WHAT TO WORK ON:
Copy out each entry below verbatim, skipping the images.

GIVEN RECORDS:
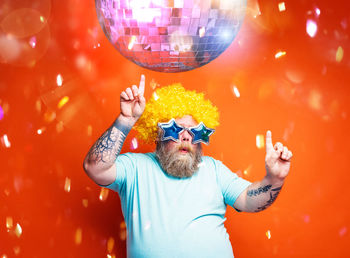 Man dancing under disco ball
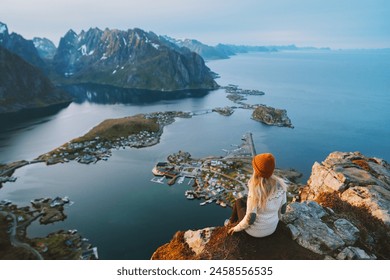 Woman tourist traveling in Norway active summer vacations adventure lifestyle outdoor in Lofoten islands, girl on cliff edge enjoying sea aerial view from Reinebringen mountain top - Powered by Shutterstock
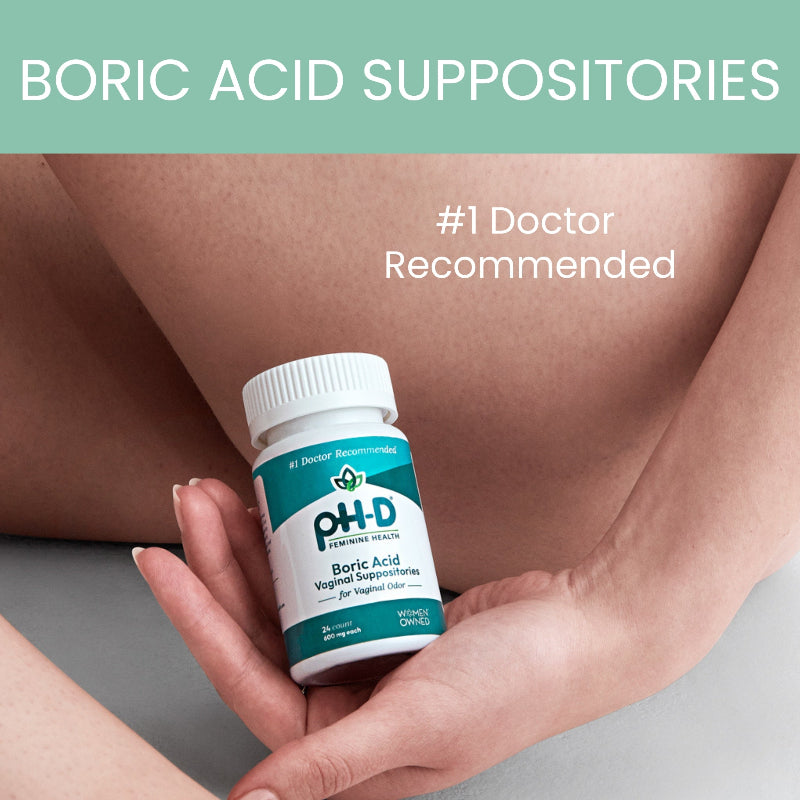 Bottle of PH-D Boric Acid Suppositories held by a hand with a blurred background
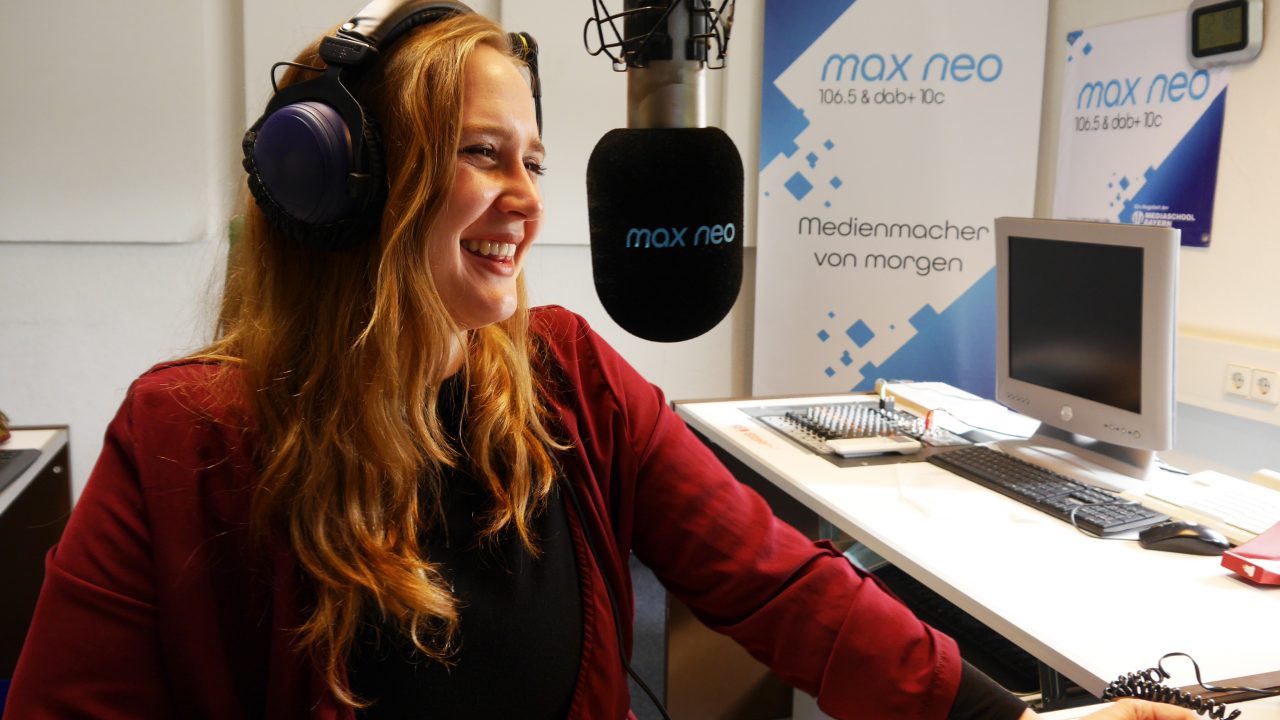 Pauline Gwosdz sitzt lachend vor einem max neo-Mikrofon im Studio.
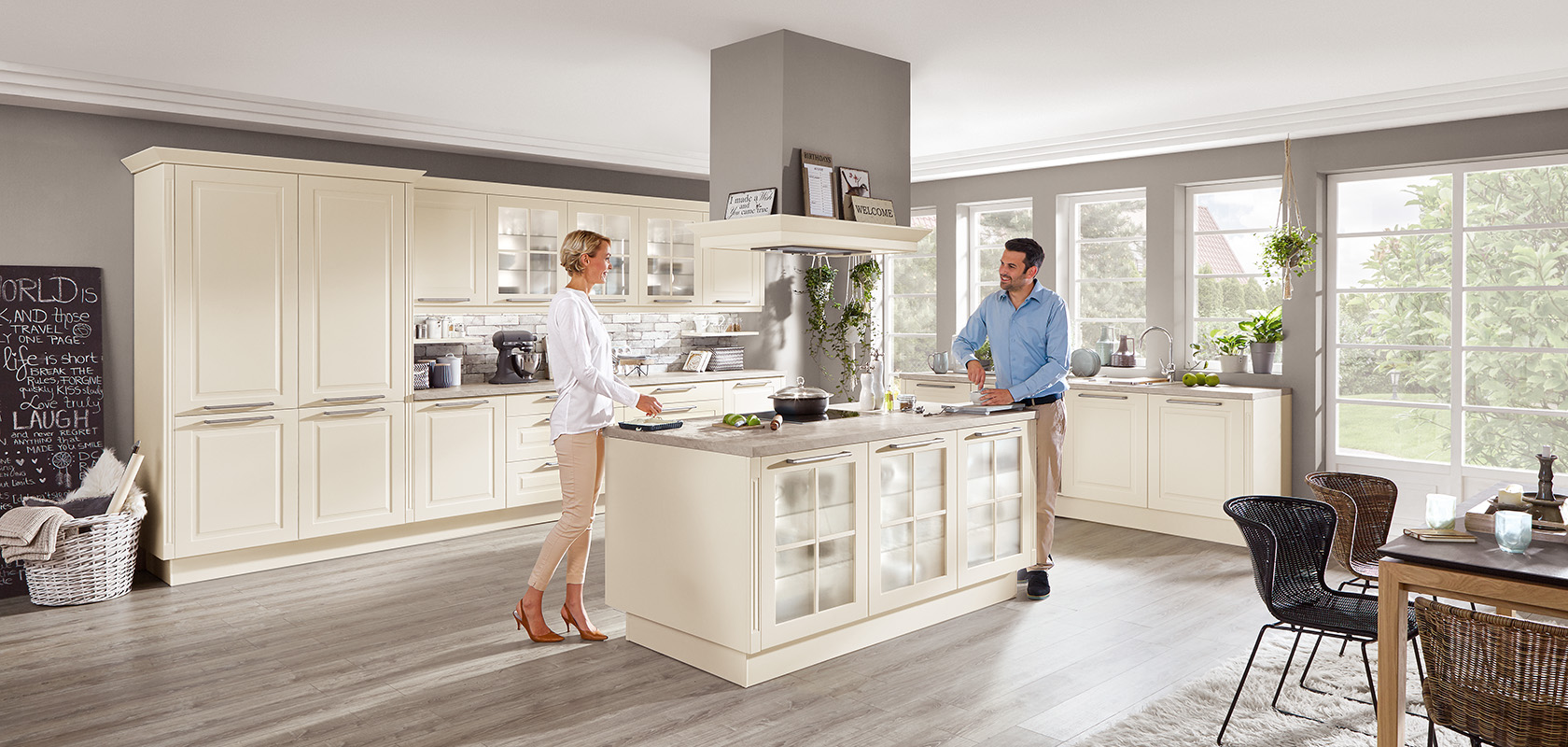 A bright, spacious kitchen with classic cabinetry and a central island, with two individuals engaged in cheerful conversation amidst meal preparation.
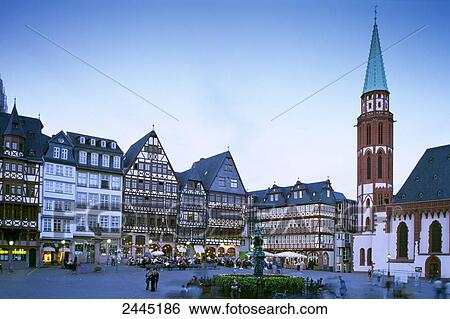 Stock Photograph - Tourists at market during dusk, Frankfurt, Hesse, Germany . Fotosearch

ANSWER BOX:
 Man dancing under disco ball
 Woman tourist traveling in Norway active summer vacations adventure lifestyle outdoor in Lofoten islands, girl on cliff edge enjoying sea aerial view from Reinebringen mountain top - Powered by Shutterstock
 Bottle of PH-D Boric Acid Suppositories held by a hand with a blurred background
 Pauline Gwosdz sitzt lachend vor einem max neo-Mikrofon im Studio.
 A bright, spacious kitchen with classic cabinetry and a central island, with two individuals engaged in cheerful conversation amidst meal preparation.
 Stock Photograph - Tourists at market during dusk, Frankfurt, Hesse, Germany . Fotosearch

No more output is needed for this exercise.